After that, it was simply installing plug-ins such as the Plex media server, and creating some virtual machines for testing.
Overall, the Mini XL+ booted quickly and the remote interfaces (Main/IPMI) were as snappy as you could ask for. Not once did I feel I was waiting unduly for the system. Pools were created quickly, and most features installed in a reasonable amount of time.
I tested using a single 10GbE port as it provided more than enough bandwidth for my limited setup. You can see the raw SMB throughput from the synthetic CrystalDiskMark 6, which was largely backed up by my real world large file transfers that ran from 300MBps to 350MBps.
Functioning as an iSCSI target, the numbers, including 4K transfers jumped quite a bit.
VMs ran “Okay” via a VNC connection, though I wouldn’t want to use them on a regular basis, or say that’s the box’s strong point. Streaming 1080p video using Plex to several PC simultaneously, the Mini XL+ never broke a sweat. The numbers shown above, as well as my subjective testing showed the Mini XL+ to be a solid performer given the heavy requirements of ZFS. ZFS which is more about data integrity than raw speed.
Note that performance testing was finished before I learned of the over-provisioning error. What impact having more write cache would’ve had is uncertain, but these CrystalDiskMark test were writing only 1GB. The numbers with the one run I did with 32GB were a bit slower, though not drastically so.
iXsystems figures the Mini XL+ is good for up to 100 users, assuming they’re not all videographers or watching 4K video of course. I’d agree given normal business workloads.

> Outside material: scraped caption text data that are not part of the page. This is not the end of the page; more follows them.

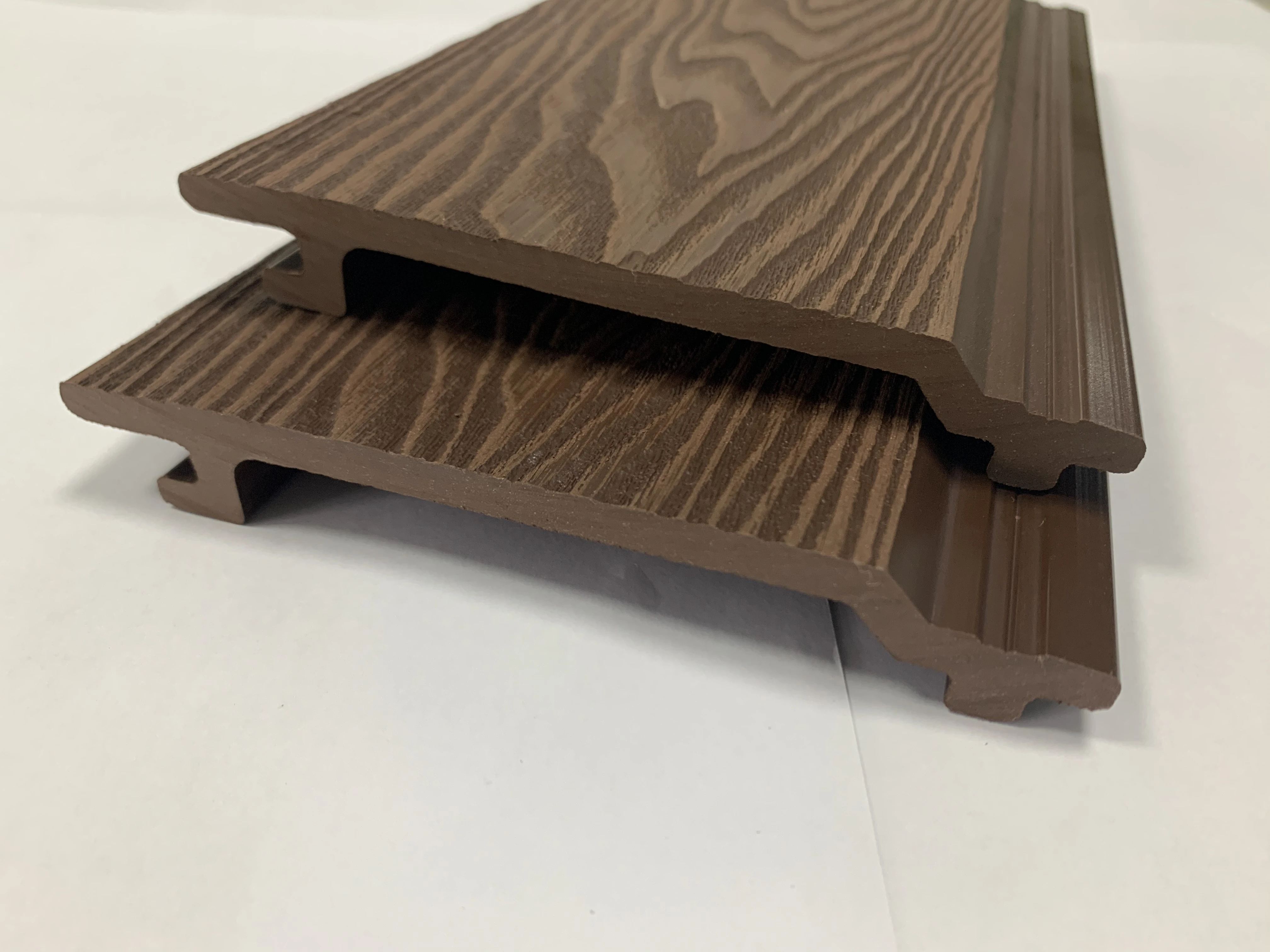 Hout Kunststof Composiet 3D Houtnerf Paneel Voor Buitenmuur Buiten Wpc Muur Bekleding Cover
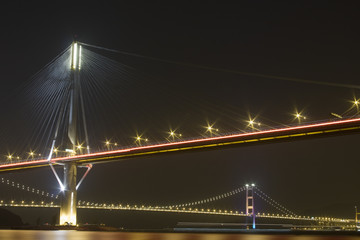 Obraz premium beautiful night scenes of Bridge in Hong Kong.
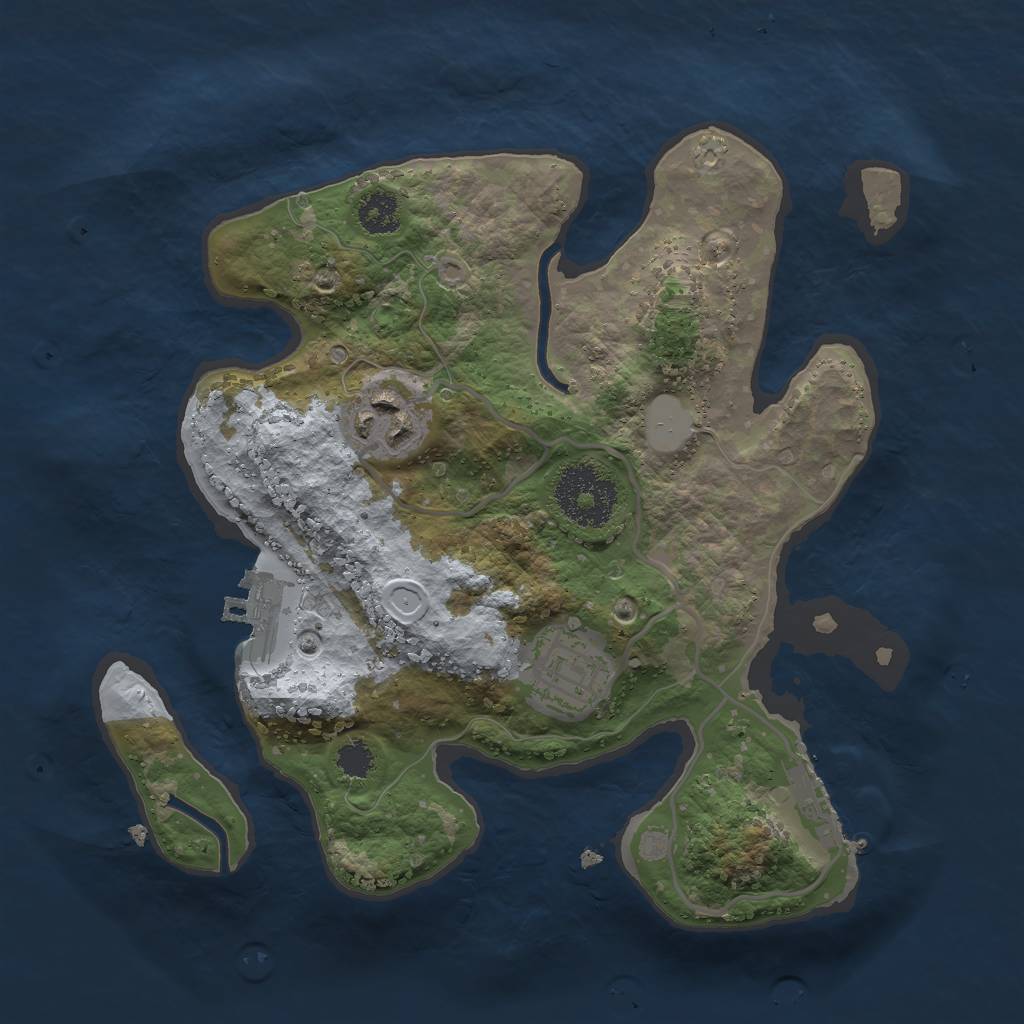 Rust Map: Procedural Map, Size: 2500, Seed: 37141, 9 Monuments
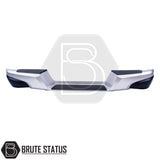 Silver rear bumper for 2015-2019 Mitsubishi L200, featuring a sleek factory-style finish, non-slip foot steps with drainage channels, and a durable, direct bolt-on design for easy installation and rugged use.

The Mini XL+’s solid construction and performance, as well as the out of bandwidth IPMI access and numerous support options offered by iXsystems makes $1400 a good deal for a smaller business or large workgroup. Indeed, pre-packaging and pre-installation by the company saves you money right off the bat.
If you’re not ready to commit to a product like the Mini XL+, FreeNAS is still free for the download, so you can kick the tires and learn the ropes.
This article was edited on 7/23/2020 to correct misinformation about the # and type of bays and SSDs in the system.